Where to download real world invoices for practice?

Hello! I want to practice document understanding. Anybody knows where I can download a large number(50+) of Invoices (POs would be better) to do a “dummy” project on my own? Thanks

Hi @Ricardo_Aparicio,

I do not have a concrete answer for this. Much like any other fields of study, to get real life data is next to impossible. Especially for invoices and purchase orders merely due to company policies.

All intelligent document parsing suppliers (ML based) rely on your data having the three "V"s
Velocity : Rate at which your data / new data is ingested (so that the model can be retrained)
Variety : The variety in your data, such that the algorithm learns more patterns and unseen data during the learning phase, so as to avoid errors in production
Volume : The model can make some statistical significant metrics and to plan scaling your data pipeline.

Sadly, the only place you get the above three is in a real-life project.

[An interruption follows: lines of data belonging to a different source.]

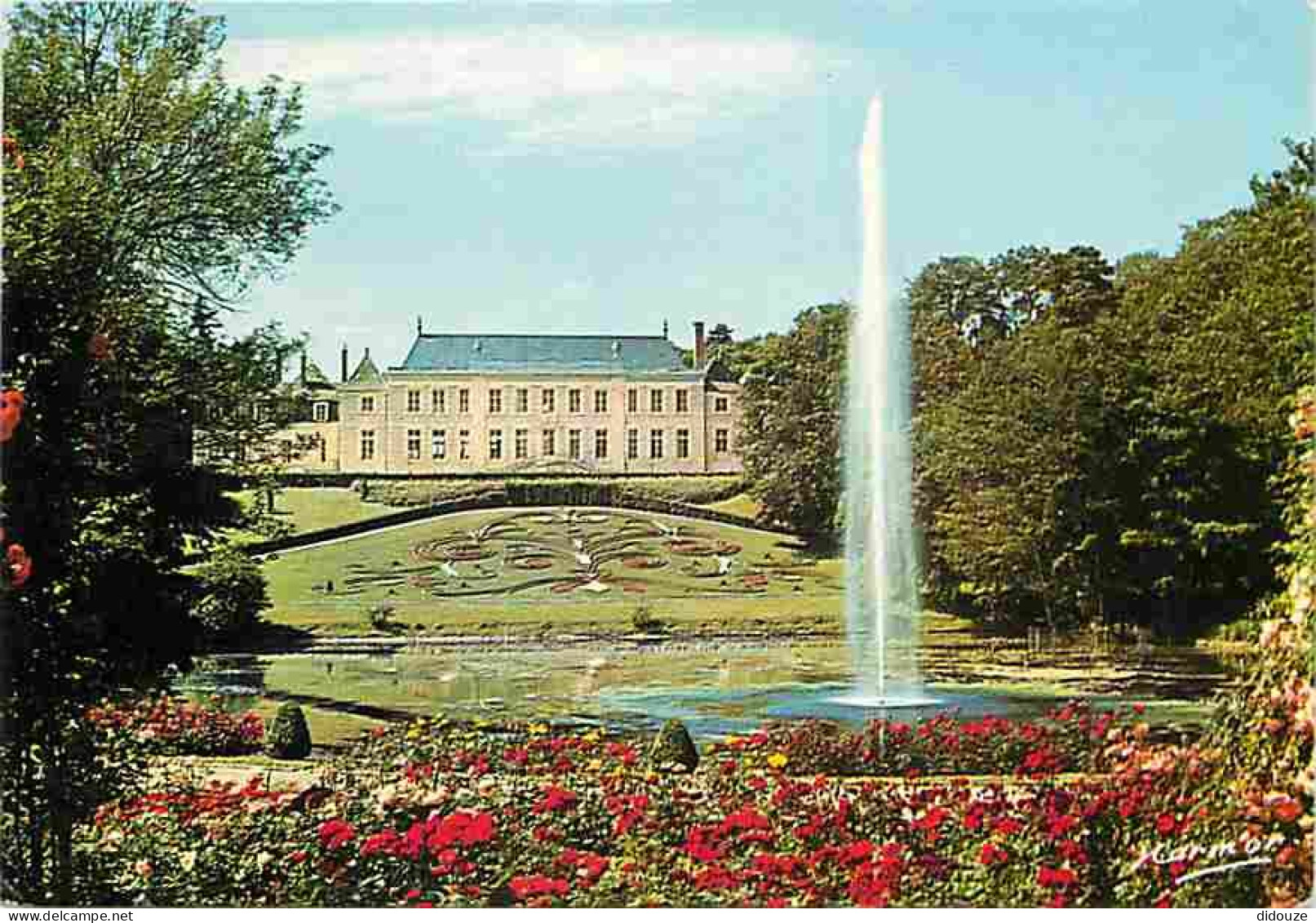 45 - Orléans - Le Château De La Source - Fleurs - Jet D'eau - CPM - Voir Scans Recto-Verso - Orleans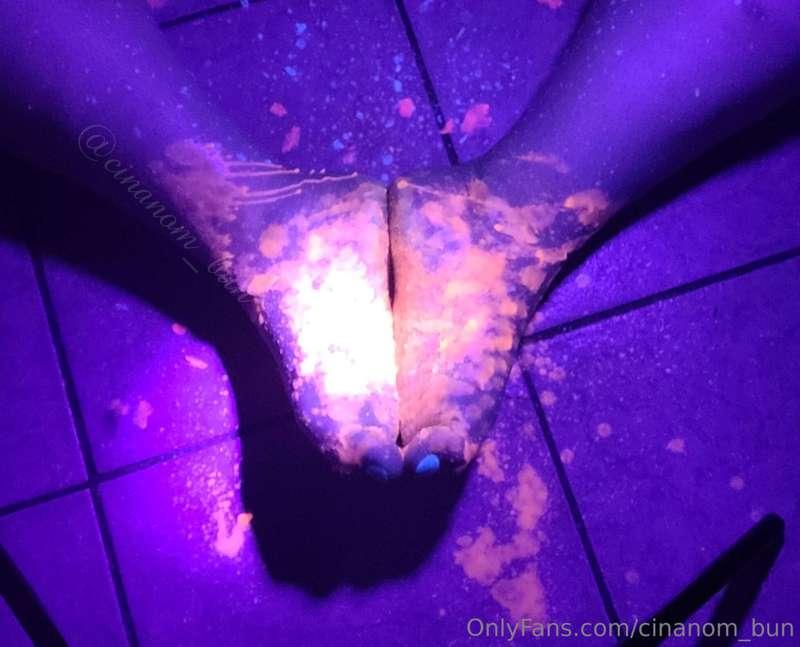 i really love the way the wax looks all over my cute feet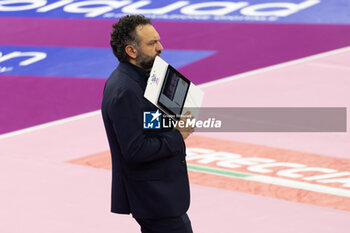 10/11/2024 - Stefano Lavarini Head Coach Numia VeroVolley Milano during Volley Italian Championship Serie A Women 2024/25 match between Numia VeroVolley Milano and Uyba Busto Arsizio at Allianz Cloud, Milano, Italy on November 10, 2024	 - VERO VOLLEY MILANO VS UYBA VOLLEY BUSTO ARSIZIO - SERIE A1 FEMMINILE - VOLLEY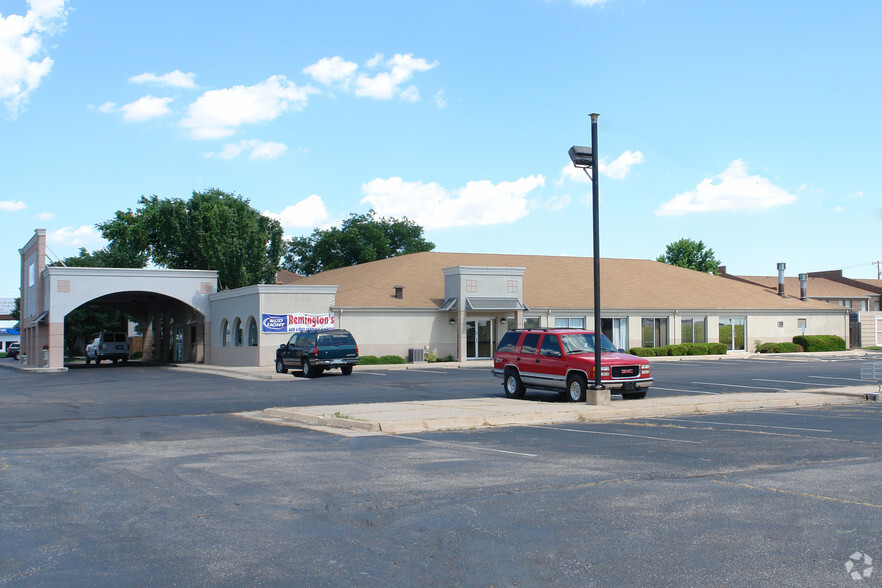 5805 W Kellogg Dr, Wichita, KS à vendre - Photo de l’immeuble – Image 2 sur 55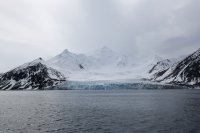 На Антарктида откриха останки от самолетна катастрофа от преди 48 години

You can try to build your own synthetic data by using open source tools to create invoices, for example : GitHub - Invoiced/invoice-generator-api: A free API for generating invoice PDFs and e-Invoices.

But remember that your model is then not realistic as it does not satisfy the “Variety” requirement. It may or may not know what it is parsing the next time a new invoice is given to it. It will try, but with low success rate.

Please do post how you went about this issue and if you find some sources, please do post them in this thread. I am sure there are many more who are facing the same challenge.

Goodluck!